▼▼▼

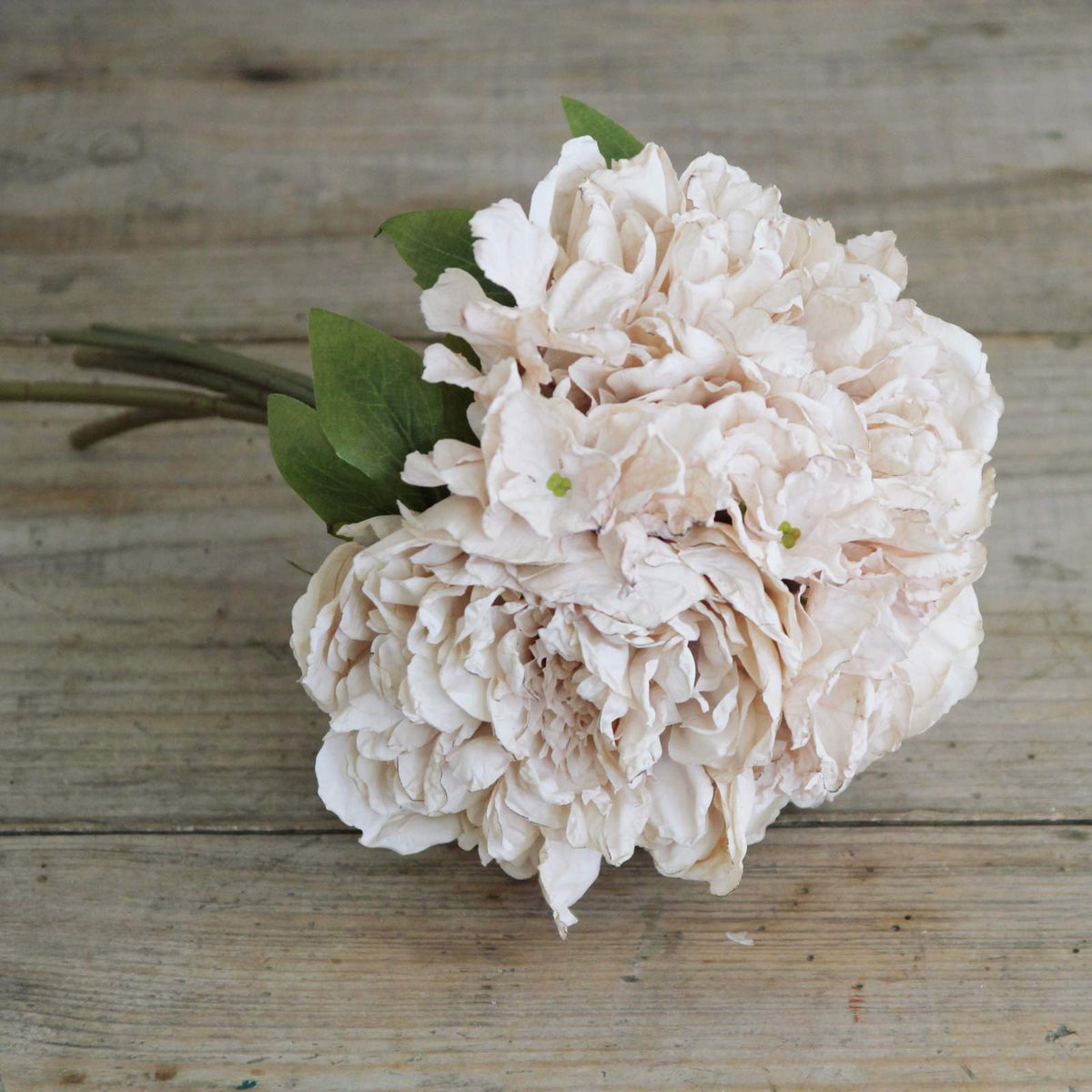 Peony & Eucalyptus Bouquet – Closet & Botts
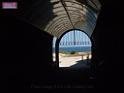 0612sf1_DSCF8381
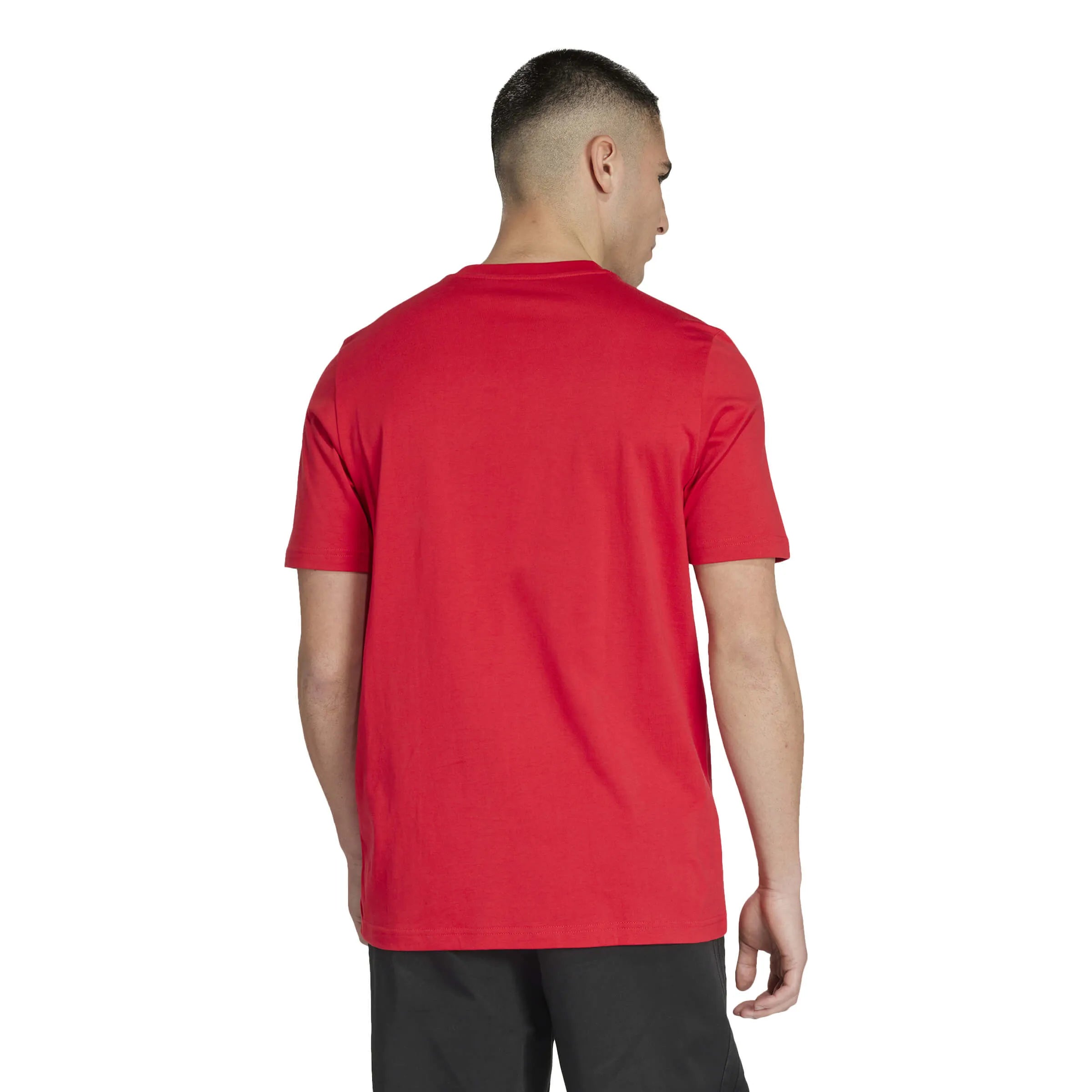 2adidas 2024-25 Manchester United Men's DNA Graphic Tee (Model - Back)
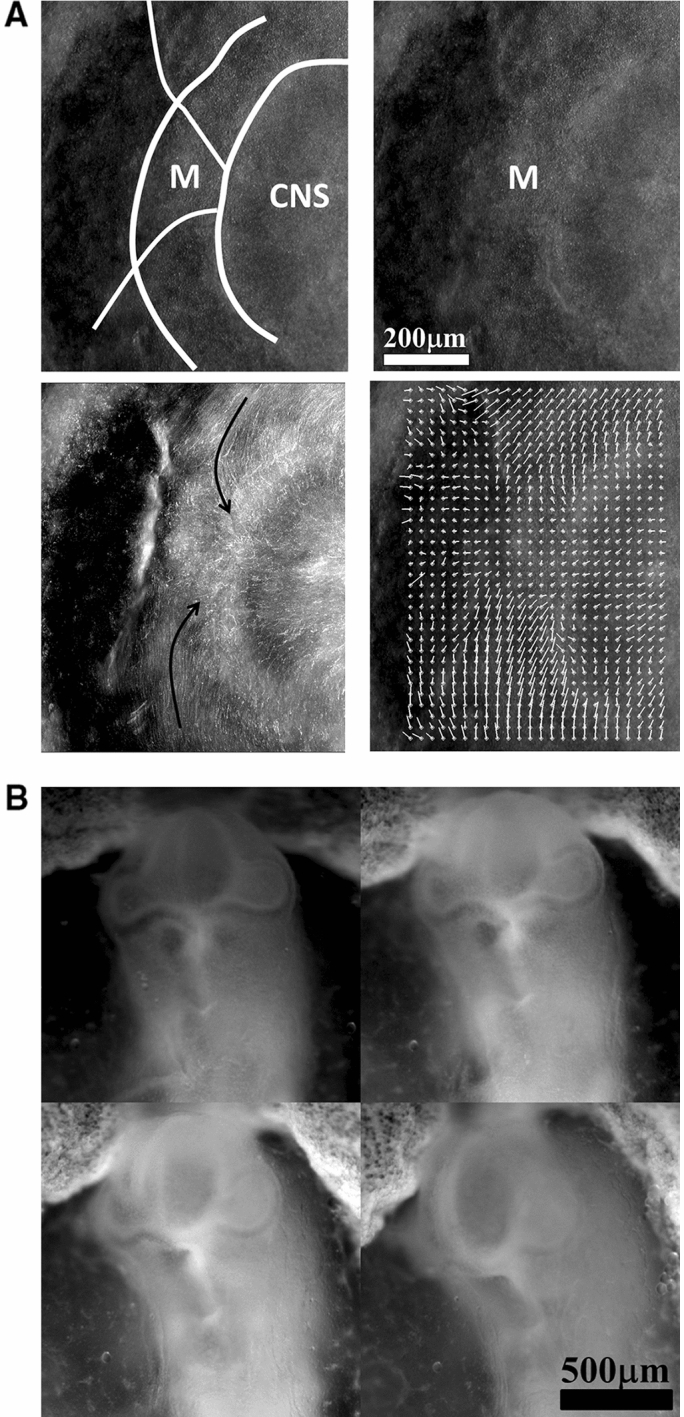 Fig. 9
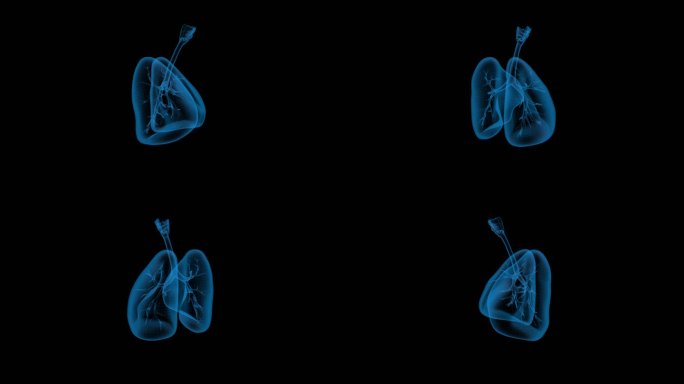 肺和气管1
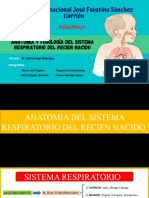 Anatomia y Fisiologia Del Sistema Respiratorio Del Recien Nacido
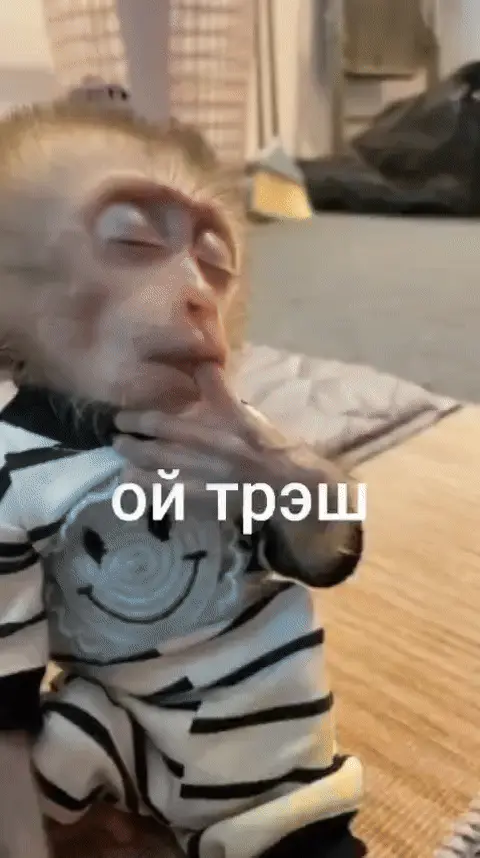 Ой трэш обезьянка в шоке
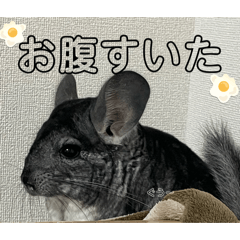 Yutico_20260330145212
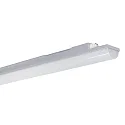Frisch-Licht Luminaire pour locaux humides WNL14 9568 IP68, gris 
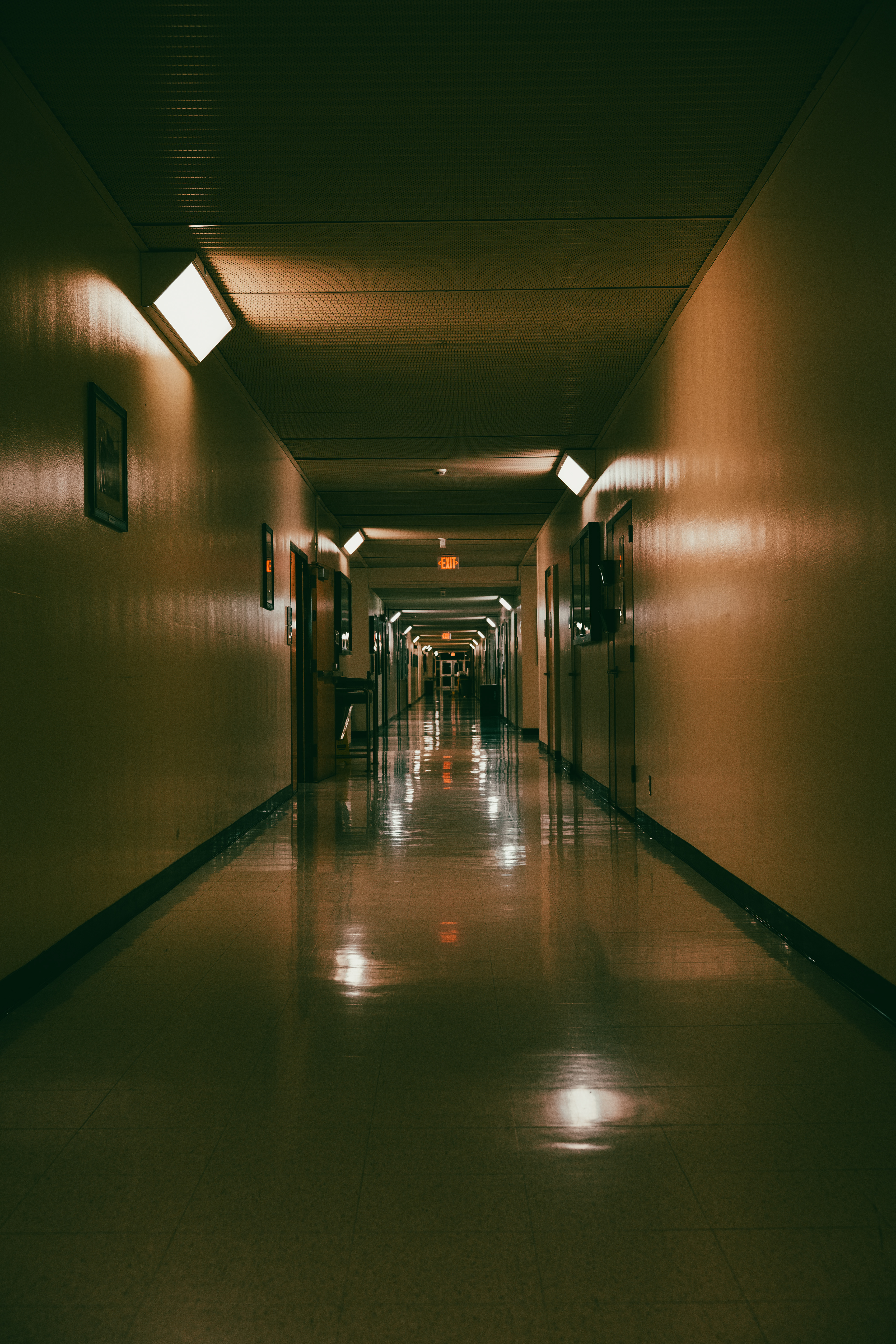 “The Silence Between”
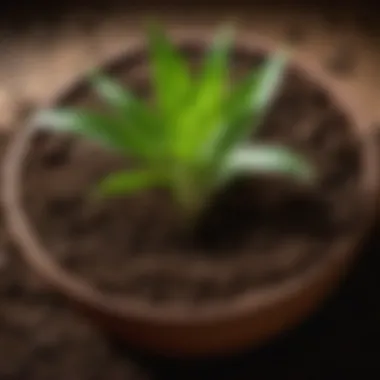 Nutrient-Rich Soil in 16-Inch Pot Close-up of nutrient-rich soil in a 16-inch pot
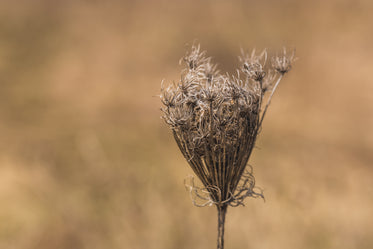 dry queen annes lace stem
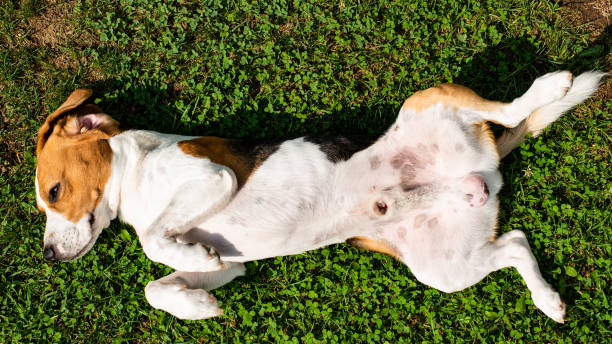istock Beagle dog resting in garden in the sun on a grass 1023646528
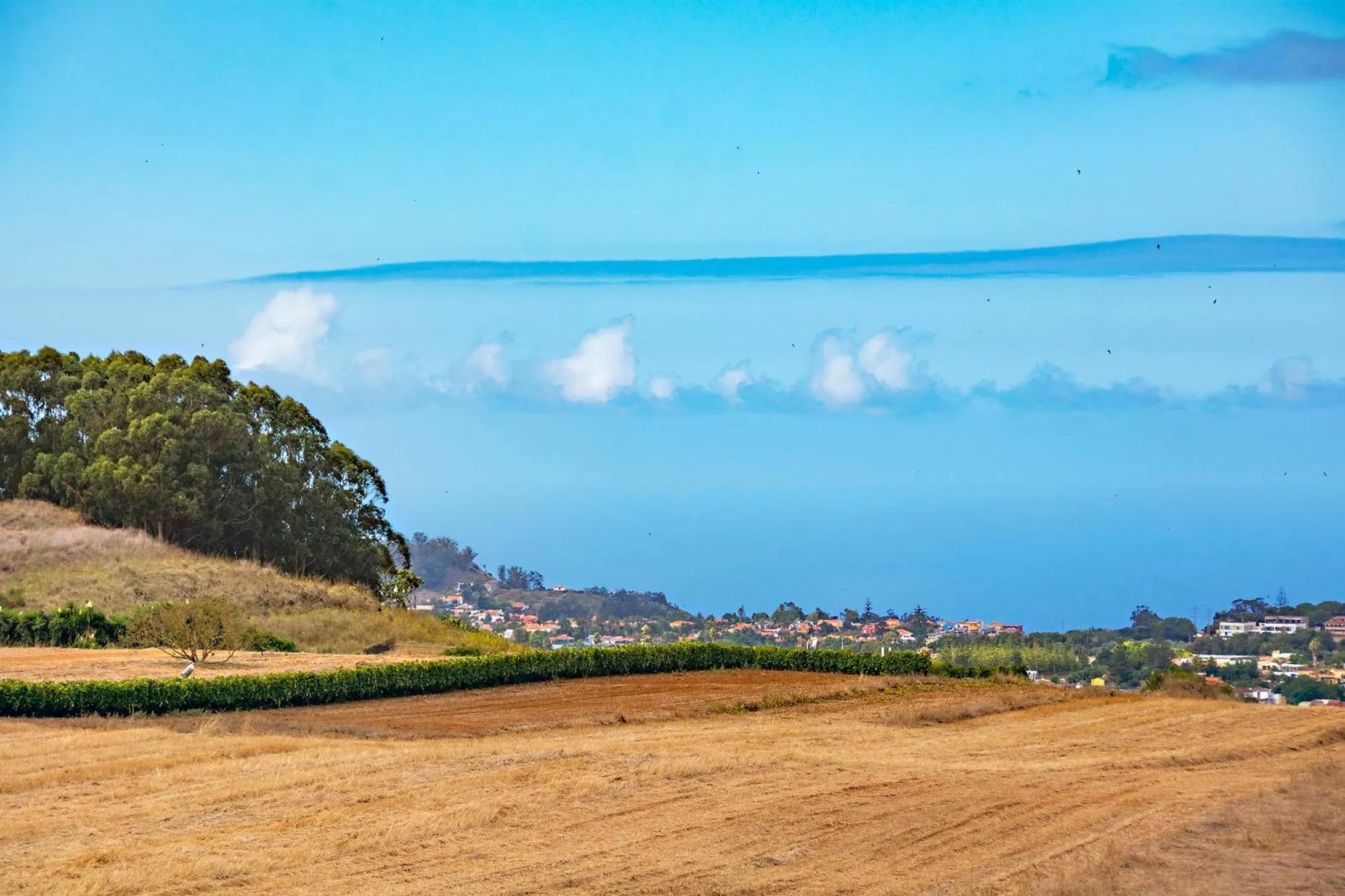 View (from property/room) in Finca Rural La Casa Verde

▲▲▲

Your goal:
Only an exact, picture-free copy of the entries counts as the answer.

Your solution:
 Peony & Eucalyptus Bouquet – Closet & Botts
 0612sf1_DSCF8381
 2adidas 2024-25 Manchester United Men's DNA Graphic Tee (Model - Back)
 Fig. 9
 肺和气管1
 Anatomia y Fisiologia Del Sistema Respiratorio Del Recien Nacido
 Ой трэш обезьянка в шоке
 Yutico_20260330145212
Frisch-Licht Luminaire pour locaux humides WNL14 9568 IP68, gris 
 “The Silence Between”
 Nutrient-Rich Soil in 16-Inch Pot Close-up of nutrient-rich soil in a 16-inch pot
 dry queen annes lace stem
istock Beagle dog resting in garden in the sun on a grass 1023646528
 View (from property/room) in Finca Rural La Casa Verde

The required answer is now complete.